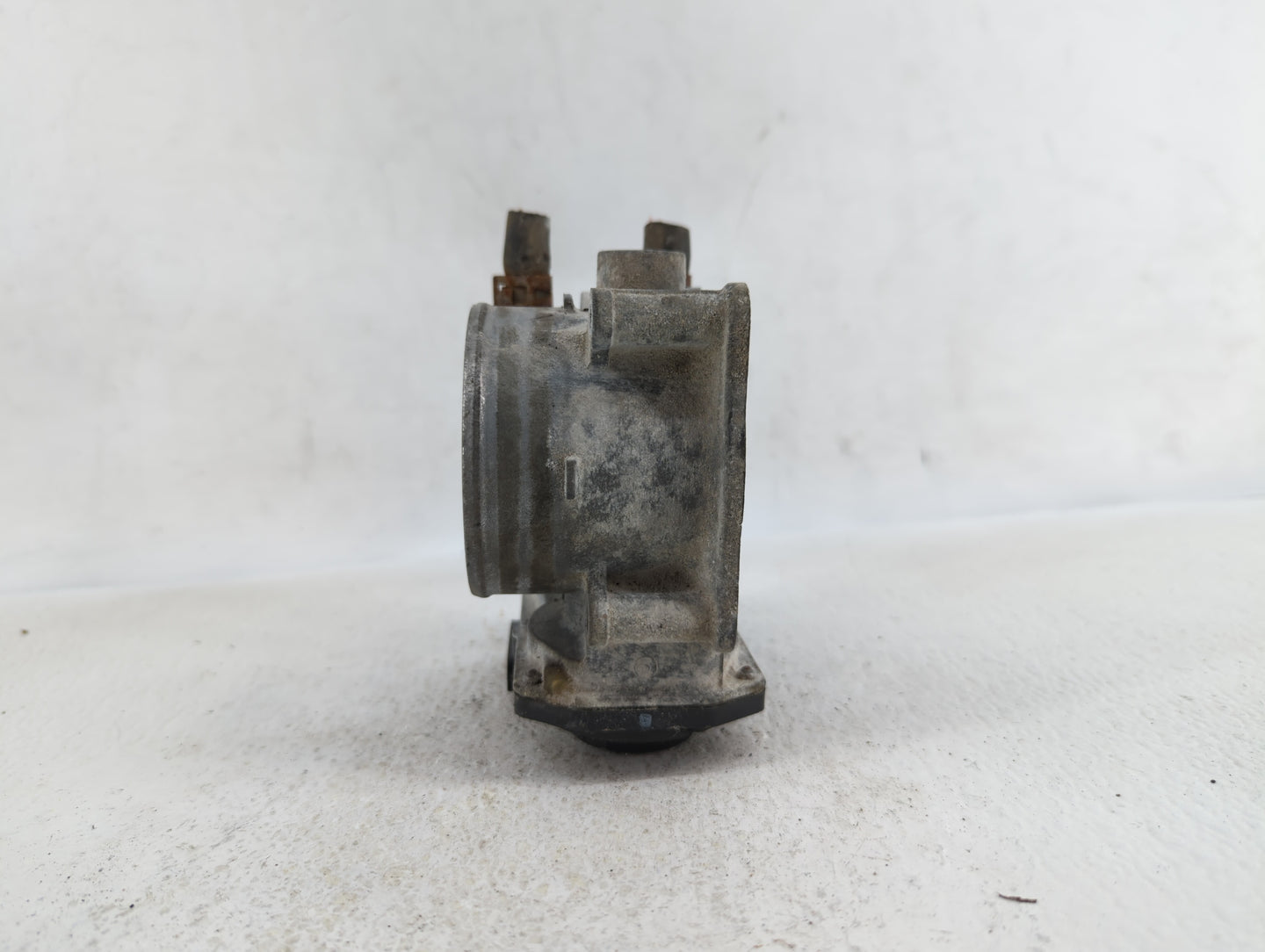 2007-2017 Toyota Camry Throttle Body P/N:22030-0P050 22030-31030 Fits OEM Used Auto Parts - Oemusedautoparts1.com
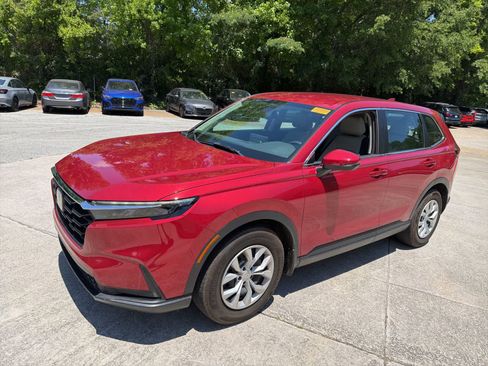 Used 2023 Honda CR-V LX image 3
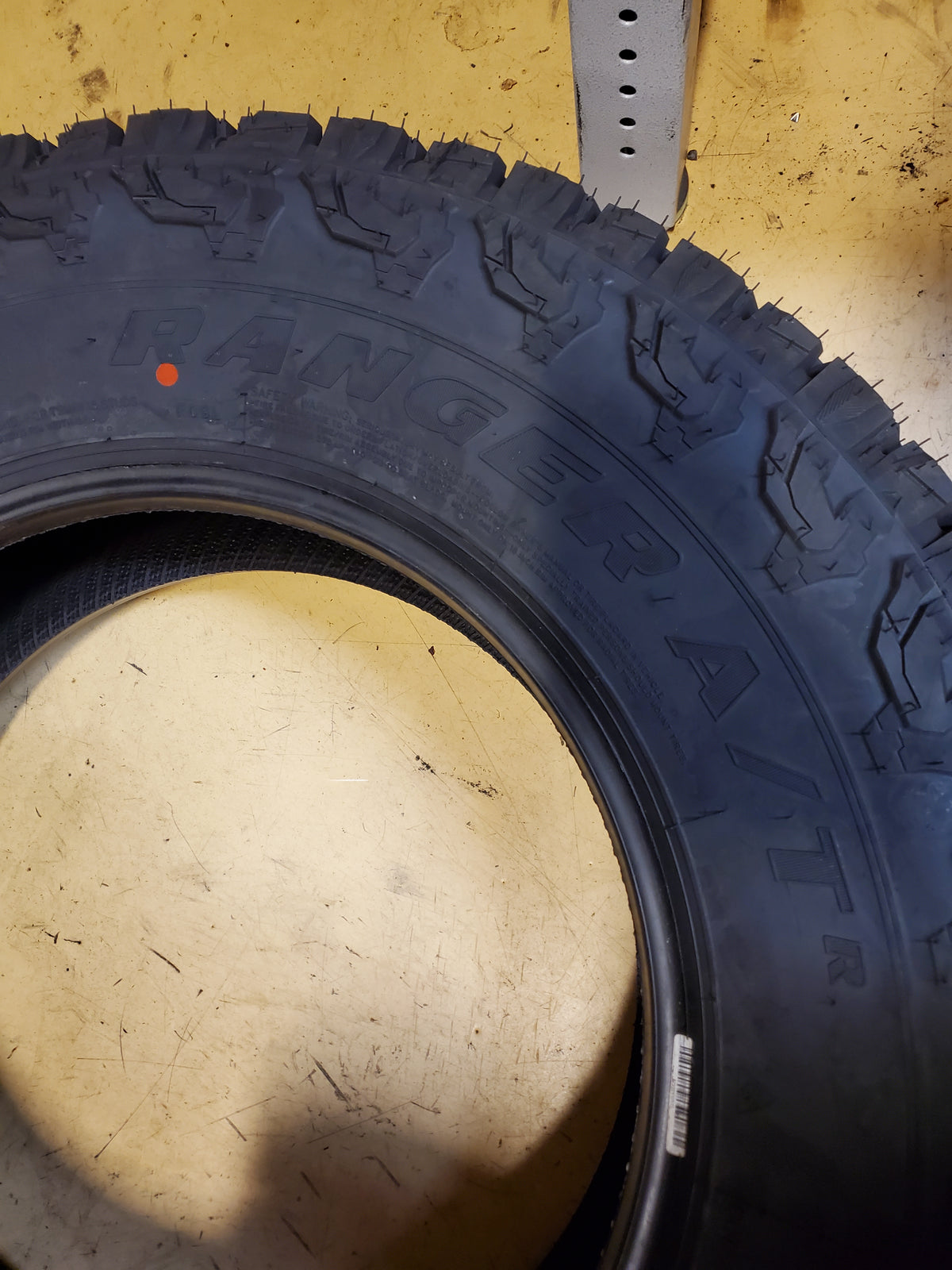 THUNDERER RANGER A/TR BSW LT 275 70 18 125/122S 10PLY ALL TERRAIN TIRE TH1078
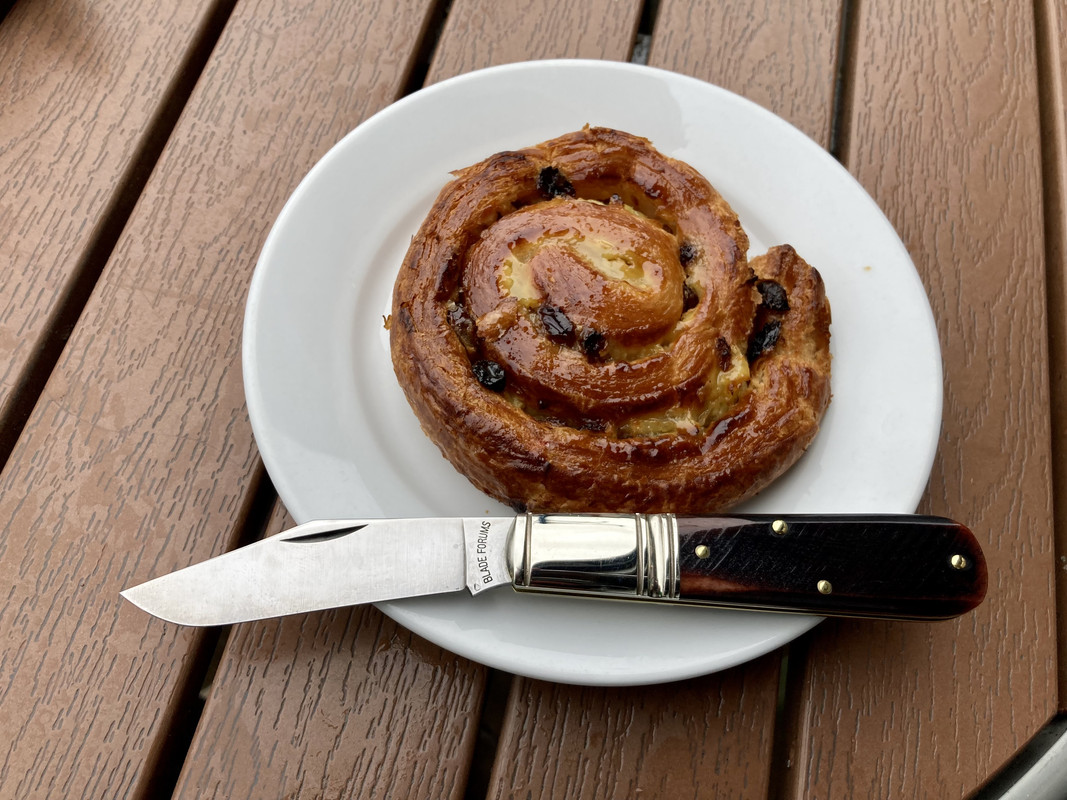 AE76D695-0011-4E93-9FF3-79E73CDA87F5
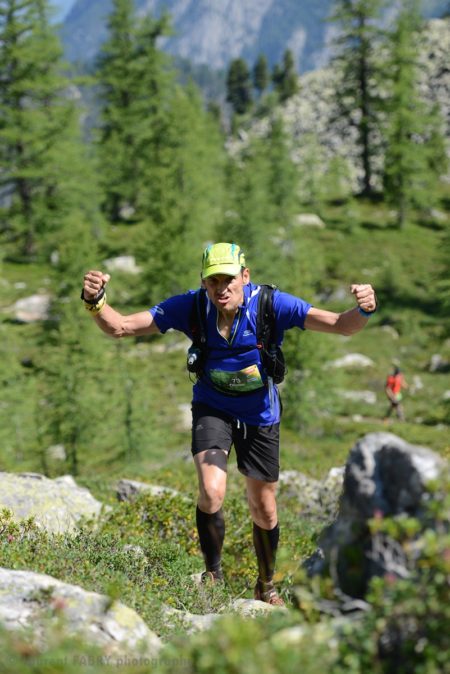 Photographe de trail running en Suisse : les coureurs se motivent pendant une ascension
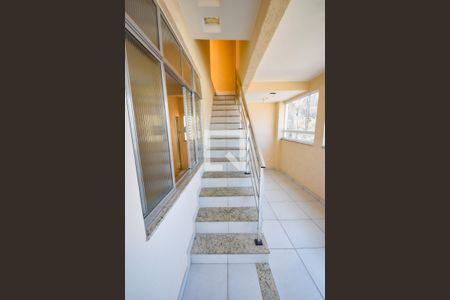 Casa de condomínio para alugar com 320m², 4 quartos e sem vagaHall social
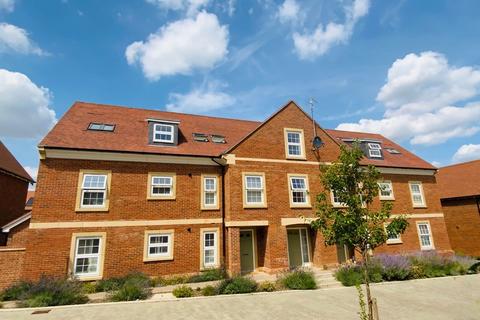 1 bed flat/apartment for rent in Concorde Road, Allington, ME16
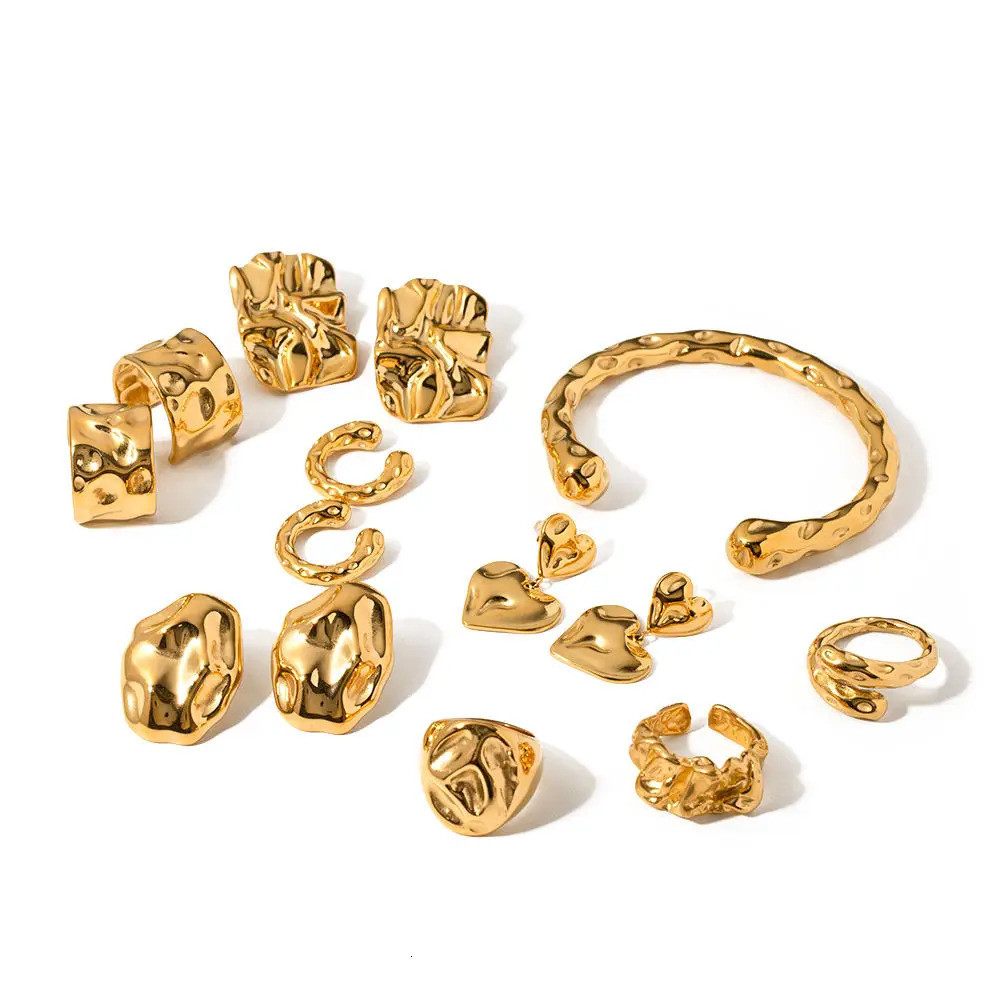 Uworld Stainless Steel Earrings 18K Gold Color Plated Irregular Square Hammer Heart Earrings Sets Women anillos mujer 251031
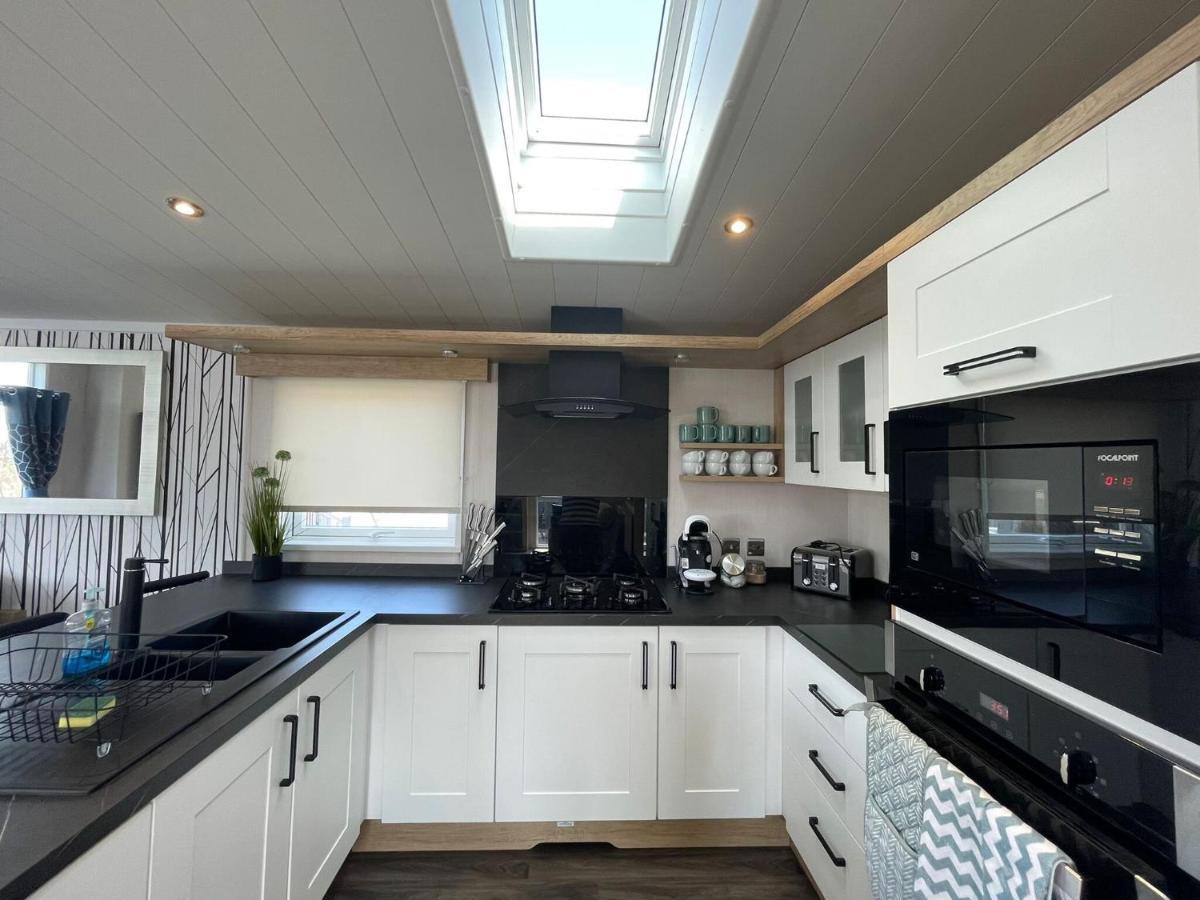 Indulgence Lakeside Lodge: Hot Tub & Private Fishing at Tattershall Lakes Exterior photo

_Task instructions:_
Omitting all pictures, copy the preceding entries without any alteration.

_Result below:_
 2007-2017 Toyota Camry Throttle Body P/N:22030-0P050 22030-31030 Fits OEM Used Auto Parts - Oemusedautoparts1.com
 Used 2023 Honda CR-V LX image 3
 THUNDERER RANGER A/TR BSW LT 275 70 18 125/122S 10PLY ALL TERRAIN TIRE TH1078
 AE76D695-0011-4E93-9FF3-79E73CDA87F5
 Photographe de trail running en Suisse : les coureurs se motivent pendant une ascension
 Casa de condomínio para alugar com 320m², 4 quartos e sem vagaHall social
 1 bed flat/apartment for rent in Concorde Road, Allington, ME16
 Uworld Stainless Steel Earrings 18K Gold Color Plated Irregular Square Hammer Heart Earrings Sets Women anillos mujer 251031
 Indulgence Lakeside Lodge: Hot Tub & Private Fishing at Tattershall Lakes Exterior photo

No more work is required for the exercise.